LawFlash

Medical Device Exports to Iran After Resumption of Sanctions

August 17, 2018

After the decision to terminate US participation in the Joint Comprehensive Plan of Action, most EAR99 medical devices remain covered by general licenses for export or re-export to Iran, but medical device companies will need to identify financial institutions able to handle export-related transactions.

United States sanctions against Iran prior to implementation of the Joint Comprehensive Plan of Action (JCPOA) in January 2016 included secondary sanctions that subjected foreign parties to potential liability for transactions involving Iran, but, thanks to fairly broad general licenses and related exclusions, the sanctions exempted a large number of medical devices from their purview. For humanitarian reasons, US and non-US companies were able to export a number of medical devices to Iran, and engage in the associated dealings necessary to conduct that business. The general licenses and accompanying detailed guidance prior to the JCPOA identified many of the medical devices that could be exported to Iran, and the conditions for those exports.

The sanctions relief in the JCPOA did not initially address medical devices, but in a significant move in late 2016 and early 2017, the US Treasury Department’s Office of Foreign Assets Control (OFAC) effectively relaxed the restrictions on exporting medical devices to Iran. OFAC’s action allowed US and non-US companies to export to Iran all medical devices properly classified as EAR99 products under the US Commerce Department’s Commerce Control List (CCL), except those identified on a modified list—the “List of Medical Devices Requiring Specific Authorization.” This action opened the door to exports to Iran of many more medical devices than had been previously authorized, without the need for a specific license from OFAC.

The May 2018 decision to reimpose pre-JCPOA sanctions has thus far had limited impact on the scope of medical devices that can be sent to Iran. The Iranian Transaction and Sanctions Regulations (ITSR) provision that implements the general license, 31 CFR 560.530(a)(3)(ii), has not been changed, and therefore medical device manufacturers may continue to take advantage of the general license. The reversion to pre-JCPOA sanctions, while leaving the export authorizations in place, may impact banks’ willingness to process payments, requiring consideration of whether and how to continue conducting this business.

The Decision to Terminate US Participation in the JCPOA

Following through on both a campaign promise and recent statements, on May 8, 2018, the administration began the process of terminating US participation in the JCPOA. Withdrawing from the JCPOA will result in the United States reimposing those sanctions that were lifted when the JCPOA sanctions relief went into effect in 2016. The US withdrawal includes a wind-down period designed to allow affected entities to extract themselves from unauthorized activities with Iran.

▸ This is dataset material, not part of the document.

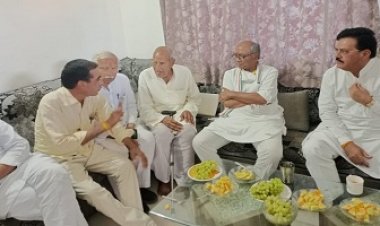 NEWS:  नीमच दौरे के दौरान पूर्व सीएम दिग्विजयसिंह पहुंचे कांग्रेस के वरिष्ठ नेता जयराम जाट के घर, किया स्वागत, कांग्रेस संगठन पर हुई चर्चा, पढ़े खबर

The administration’s reasons for reimposing sanctions are outlined in National Security Presidential Memorandum-11, which determined that the JCPOA has not achieved its intended purpose and that Iran violated the terms of the agreements under the JCPOA with respect to specific actions directed toward the development of nuclear weapons:

On October 13, 2017, consistent with certification procedures stipulated in the Iran Nuclear Agreement Review Act, I determined that I was unable to certify that the suspension of sanctions related to Iran pursuant to the JCPOA was appropriate and proportionate to the specific and verifiable measures taken by Iran with respect to terminating its illicit nuclear program. On January 12, 2018, I outlined two possible paths forward -- the JCPOA's disastrous flaws would be fixed by May 12, 2018, or, failing that, the United States would cease participation in the agreement. I made clear that this was a last chance, and that absent an understanding to fix the JCPOA, the United States would not continue to implement it.

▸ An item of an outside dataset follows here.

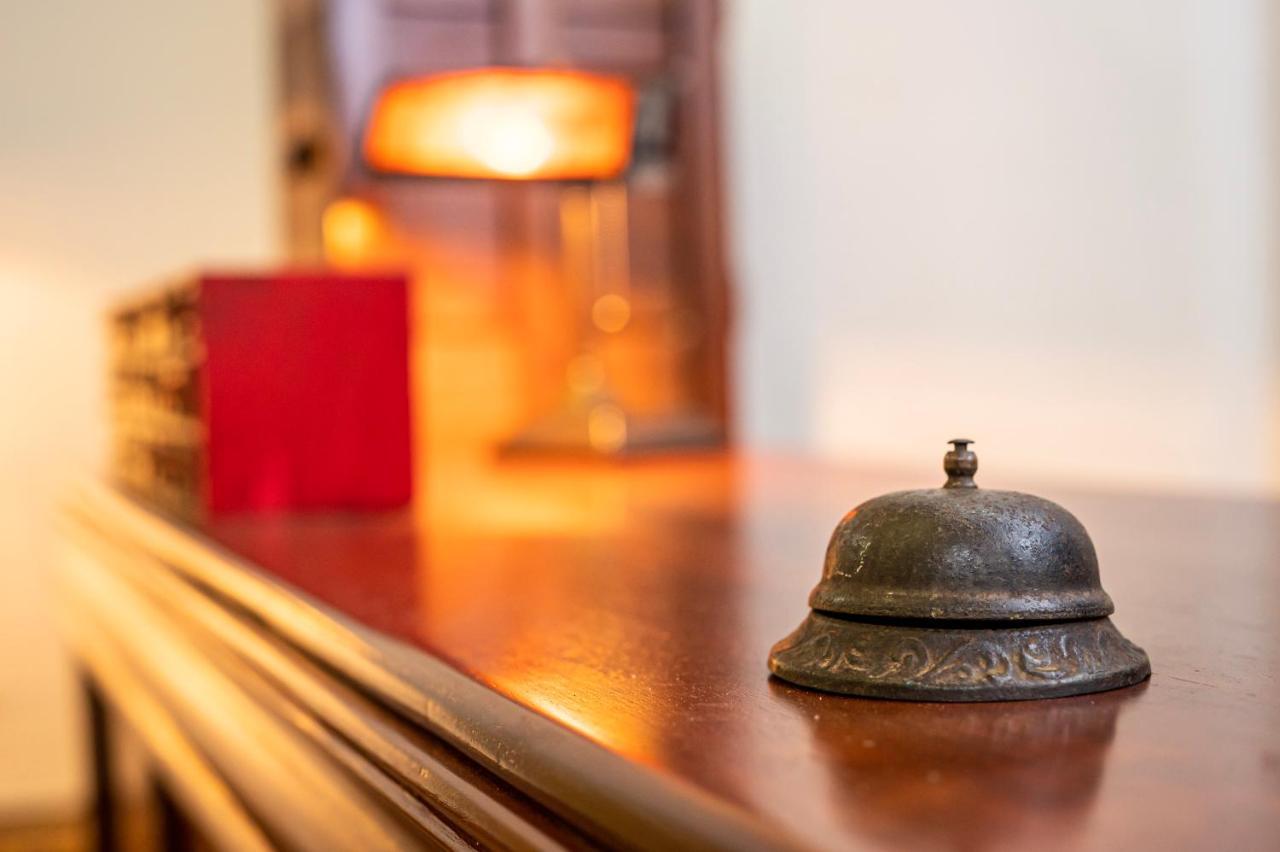 Hostal Victoria Granada Eksteriør bilde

That understanding has not materialized, and I am today making good on my pledge to end the participation of the United States in the JCPOA. I do not believe that continuing to provide JCPOA-related sanctions relief to Iran is in the national interest of the United States, and I will not affirm what I know to be false. Further, I have determined that it is in the national interest of the United States to re-impose sanctions lifted or waived in connection with the JCPOA as expeditiously as possible.

On the same day that the US decision went into effect, OFAC and the Department of State implemented 90-day and 180-day wind-down periods for activities involving Iran that had been authorized under the JCPOA sanctions relief. The State Department issued certain sanctions waivers for the duration of the relevant wind-down periods, while OFAC revoked or amended, as appropriate, general and specific licenses issued in connection with the JCPOA. OFAC also issued new authorizations specifically and solely to allow for the wind down of transactions and activities that had been authorized pursuant to the general and specific licenses issued when the JCPOA relief began.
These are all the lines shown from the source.